Упоминание Гудиса в исследовательской литературе встречается не часто. Большинство англоязычных критиков предпочитают забыть о существовании писателя-неудачника или отзываются о нем весьма нелестно. Но есть исследователи, которые наоборот очень ценят творчество Гудиса и ставят его в один ряд с величайшими авторами детективного и криминального жанра. Редкое исключение в англоязычной литературе представляет небольшой биографический очерк Джеймса Саллиса о Гудисе, включенный в книгу с описанием жизни и творчества таких мастеров, как Честер Хаймс и Джим Томпсон. Единственную полноценную биографию о жизни американского писателя написал француз Филипп Гарнье, но на английский язык она были переведена лишь спустя двадцать девять лет. Следует отметить, что французские интеллектуалы вообще с особым пиететом относились к творчеству этого американского писателя. Еще при жизни Гудиса французские режиссеры стали экранизировать его романы, а к 80-м годам все его романы были экранизированы именно во Франции. Первым на творчество американского писателя обратил внимание Франсуа Трюффо, основоположник французской новой волны, а после него по сюжетам Гудиса сняли целый ряд знаковых французских режиссеров. Мастер саспенса, Альфред Хичкок один из эпизодов в своей серии триллеров снял по сюжету Гудиса. Но на американскую публику это не произвело никакого впечатления, творчество Гудиса по-прежнему оценивали как маргинальное и неудобочитаемое. Лишь в конце 80-х и в 90-е годы выходят первые переиздания его романов. Роберт Полито, поэт и биограф, один из самых известных исследователей криминальной литературы, пишет восторженное предисловие к сборнику переиздаваемых рассказов Дэвида Гудиса. Сегодня появляется все больше исследований творчества этого незаслуженно забытого писателя. Более того Дэвид Гудис признан одним из ведущих создателей нуара.

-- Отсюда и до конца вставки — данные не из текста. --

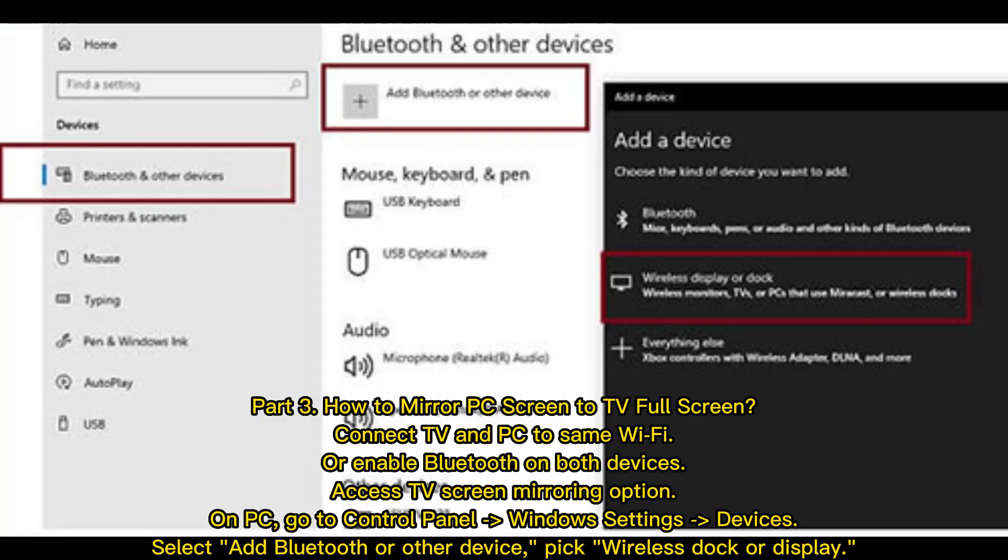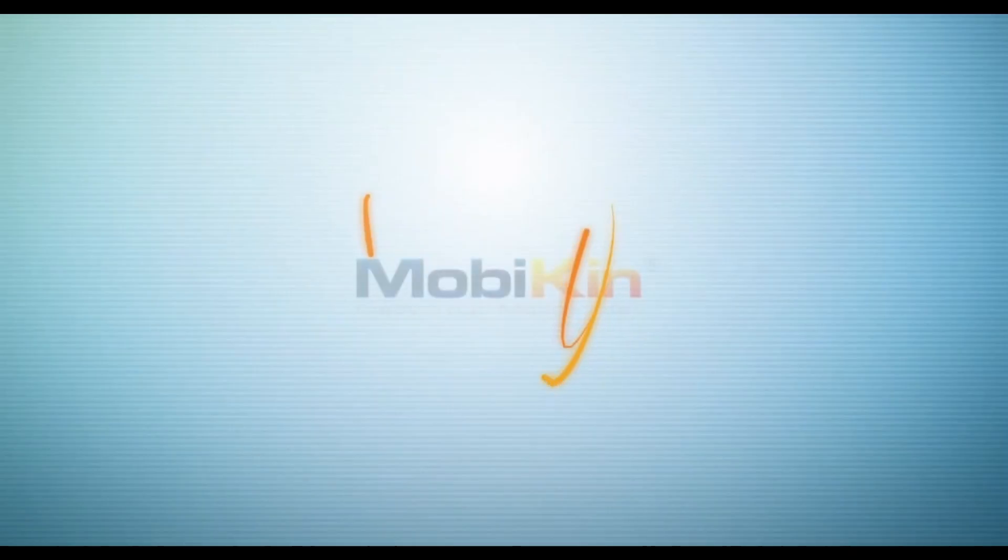Part 3: How to mirror PC screen to TV full screen. Connect TV and PC to same Wi-Fi or enable Bluetooth on both devices. Access TV screen mirroring option. On PC, go to Control Panel, Windows Settings, Devices. Select Add Bluetooth or other device, pick Wireless Dock or Display.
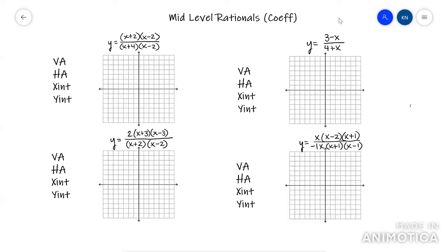This video is going to cover mid-level rationals. If I had to choose, mid-level would probably be my favorite. I put 'coefficient' here because this is how you're going to find your horizontal asymptotes. So let's go ahead and get started.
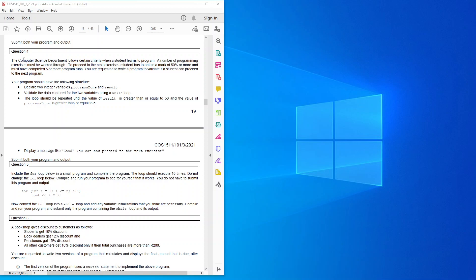A number of programming exercises must be worked through. To proceed to the next exercise, a student has to obtain a mark of 50% or more and must have completed five or more program runs. You are requested to write a program to validate if a student can proceed to the next program.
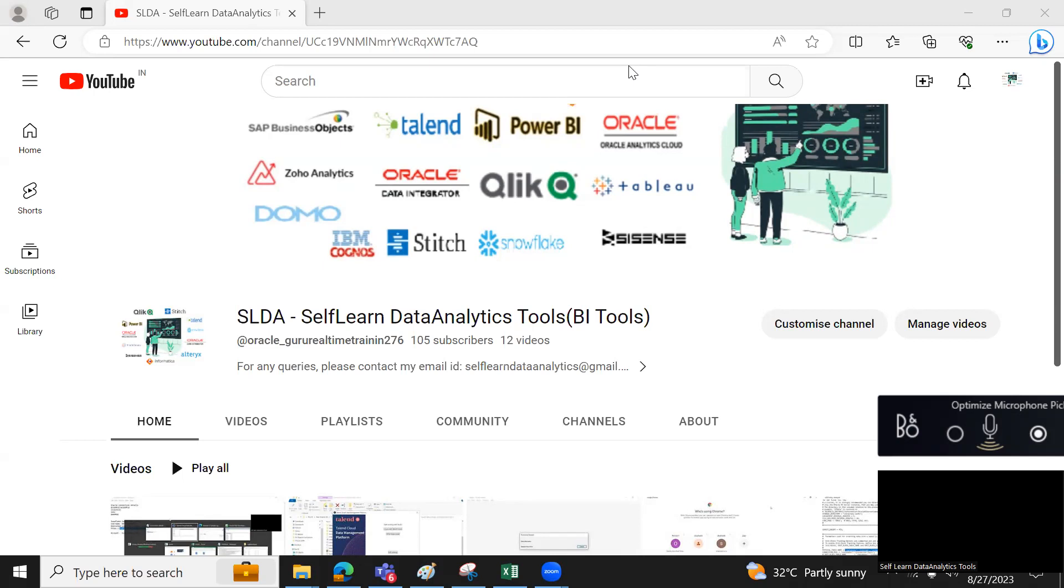It helps organizations in understanding the existing situation and helps in decision making by providing more insights of the data. And this can be achieved by using four simple steps.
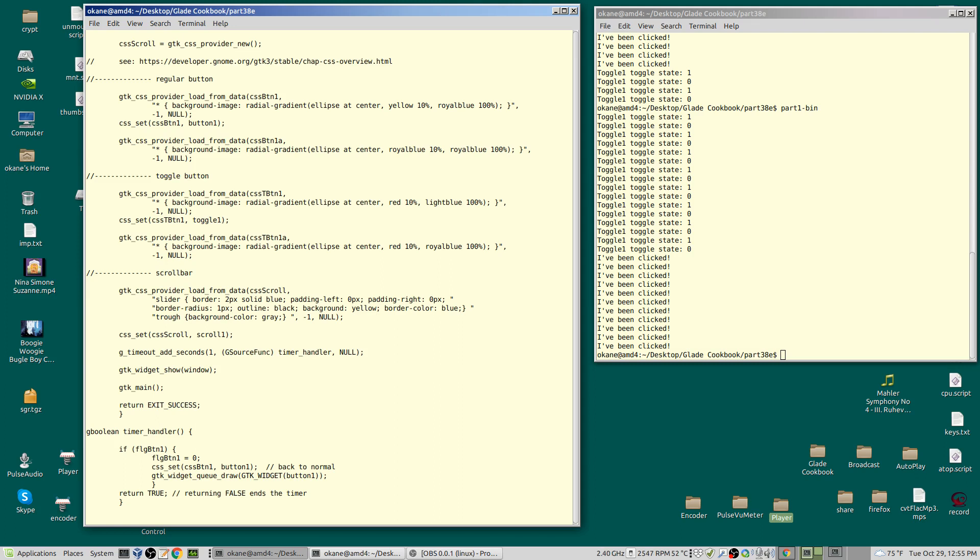The name of the function I've called timer_handler—you can call it what you want—and you cast it to be a g_source_function. So there's the name of the function. This is for arguments—you can have the timer pass arguments to the function, and this is where you put them. Look at the documentation if you want to have functions being passed.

Это двойственное отношение вызывает в памяти эффект déjà vu, напоминающей о схожем опыте в оценке многих других гениев литературы, которых «заметили» и оценили по достоинству спустя какое-то время. Если ранее исследователи творчества Дэвида Гудиса предпочитали описывать его сочинения, как непрерывное скатывание вниз, от лучших романов «Черная полоса» и «Девушка Кэссиди» к нудному повторению наскучивших тем и бесконечной чреде приевшихся персонажей. Критики без смущения сравнивали Гудиса с копирайтером, десяток раз переписавшим одно единственное свое творение. Естественно возникал вопрос. Может быть автор описывал собственную биографию, пересказывал читателям историю своей схватки с безжалостной судьбой и пытался найти оправдание своим бесконечным промахам?

Сегодня точка зрения сменилась. Исследователи предпочитают дифференцировать в творчестве Гудиса различные этапы, выделять моменты расцвета и спада, уделяя особое внимание первым годам жизни в Филадельфии, когда автор за шесть лет буквально «выдал на гора» десять романов. Мы попытаемся проследить в этих «нудных романах» тематическую последовательность, а также выявить связь между, поднятыми маргинальным писателем вопросами и схожей проблематикой в освещении других, ведущих авторов криминального жанра этого периода. Мы полагаем, что Гудис шел в ногу со временем, осмысляя и заостряя внимание на актуальных проблемах своего времени.

Но даже при подобной постановке вопроса остаются нерешенные моменты. Спивающийся алкоголик писатель, получивший временное просветление или гениальный провидец, подающий пример для дальнейшего движения литературы? Так какая из этих точек зрения имеет право на существование?

Однозначно можно утверждать лишь, что Дэвиду Гудису удалось создать свой неповторимый стиль, но и это его современники предпочитали не замечать. Ведь неповторимость его романов была соткана из особенностей заимствованных у других авторов. Наиболее близкими ему по духу являются Корнелл Вулрич и Джеймс М. Кейн. Некоторые свои наработки писатель подсмотрел у Дэшила Хэммета и Реймонда Чандлера. Но основные новации Дэвида Гудиса лежат в сфере тематической. Именно это и не желали замечать американские критики 50-х годов. Безысходность и мрачные пейзажи казались фантастикой для страны победителей, общества потребления, жестко карающего любого инакомыслящего и не желающего принять образ «американского рая». А отход Гудиса от стандартных клише крутого детектива или криминального романа оценивали, как попытку по-быстрому настрочить «плохо сделанную мрачную мелодраму».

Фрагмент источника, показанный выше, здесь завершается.